Drew Inzer

No. 60
- Position:: Guard

Personal information
- Born:: December 5, 1979 (age 45) Woonsocket, Rhode Island, U.S.
- Height:: 6 ft 4.5 in (1.94 m)
- Weight:: 305 lb (138 kg)

Career information
- High school:: North Smithfield (RI)
- College:: Brown
- NFL draft:: 2001: undrafted

Career history
- New England Patriots (2001–2002)*; Jacksonville Jaguars (2002);
- * Offseason and/or practice squad member only

Career highlights and awards
- All-Ivy League (2000);

= Drew Inzer =

American football player (born 1979)

Andrew A. Inzer (born December 5, 1979) is an American former professional football offensive lineman. He attended Brown University and was a practice squad member of the Super Bowl XXXVI winning New England Patriots. He was also on the active roster of the Jacksonville Jaguars.

Inzer played football at North Smithfield High School in Rhode Island and then was a two-year letterman at Brown University (1999–2000), where he had transferred to from Boston University, which had dropped its football program. At Brown, Inzer won an Ivy Football Championship in 1999, served as Tri-Captain in 2000, earned Ivy League all-league honors, and was awarded the university wide Zucconi Award for sportsmanship in 2001. He joined the Patriots as an undrafted rookie free agent in 2001, where he received a Super Bowl ring, and then he was on the roster for the Jacksonville Jaguars in 2002 and through August 2003.

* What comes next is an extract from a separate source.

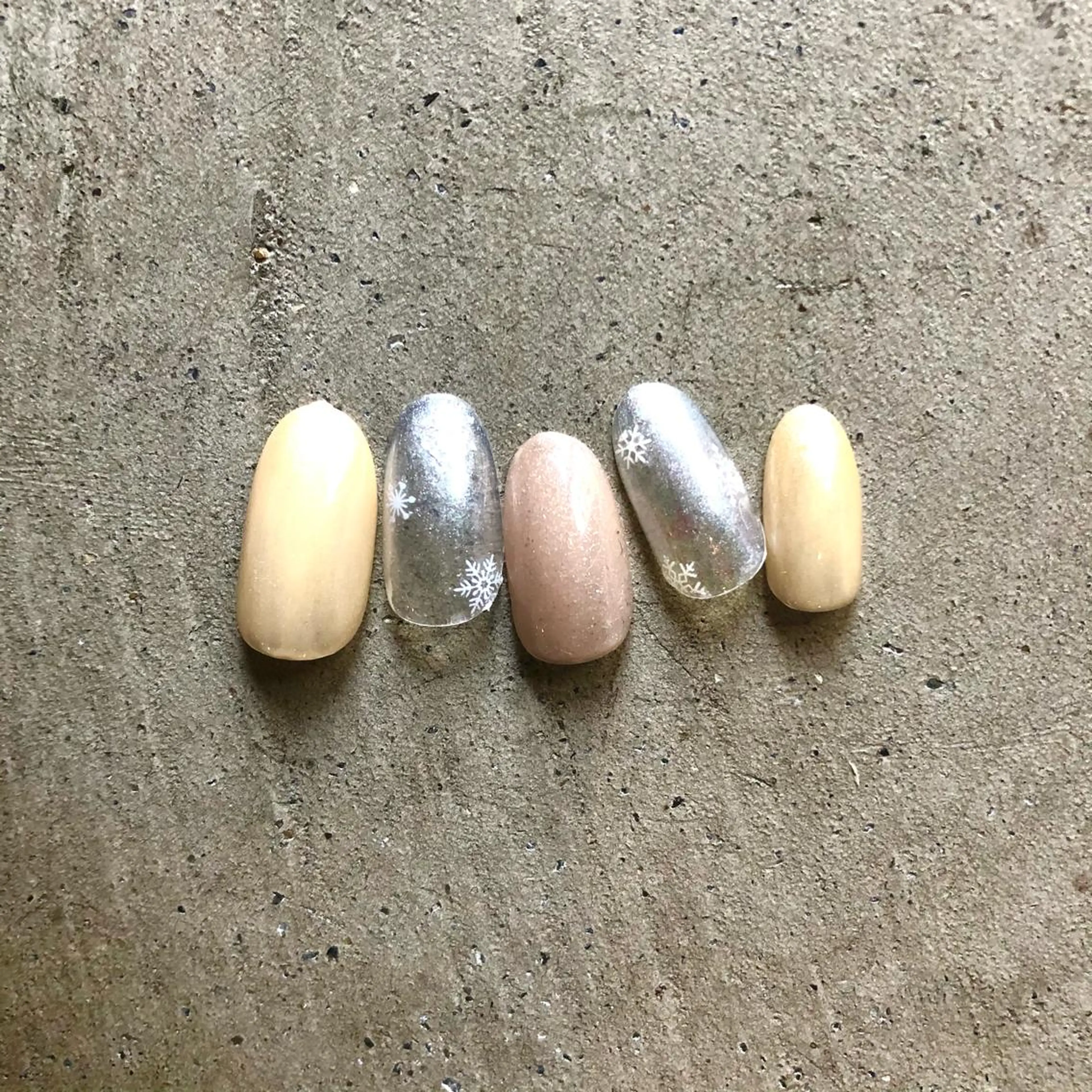 ネイル TRAM-nail moriizumiのネイルデザイン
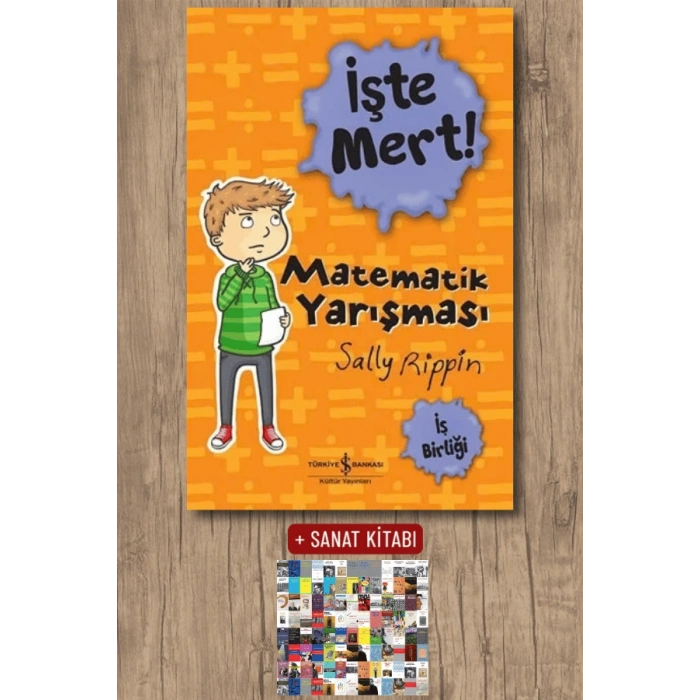 İşte Mert! Matematik Yarışması - İş Birliği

Inzer currently serves as a Humanities teacher at the St. Paul's School in Concord, NH. Additionally coaching football in the fall and wrestling in the winter. He formerly served as an Economics teacher as well as an offensive line coach at Lawrenceville School.
He also formerly served as Housemaster in Lawrenceville in the Hamill House. Along with this, he served as a dorm head for Hayden Hall and Shea Family Cottage at Northfield Mount Hermon School, along with his time teaching/coaching/dorm directing at Bridgton Academy, an all-boys postgraduate school in Maine. In his spare time he enjoys playing the bassoon, fly-fishing, hiking, and raising his children with his high school sweetheart.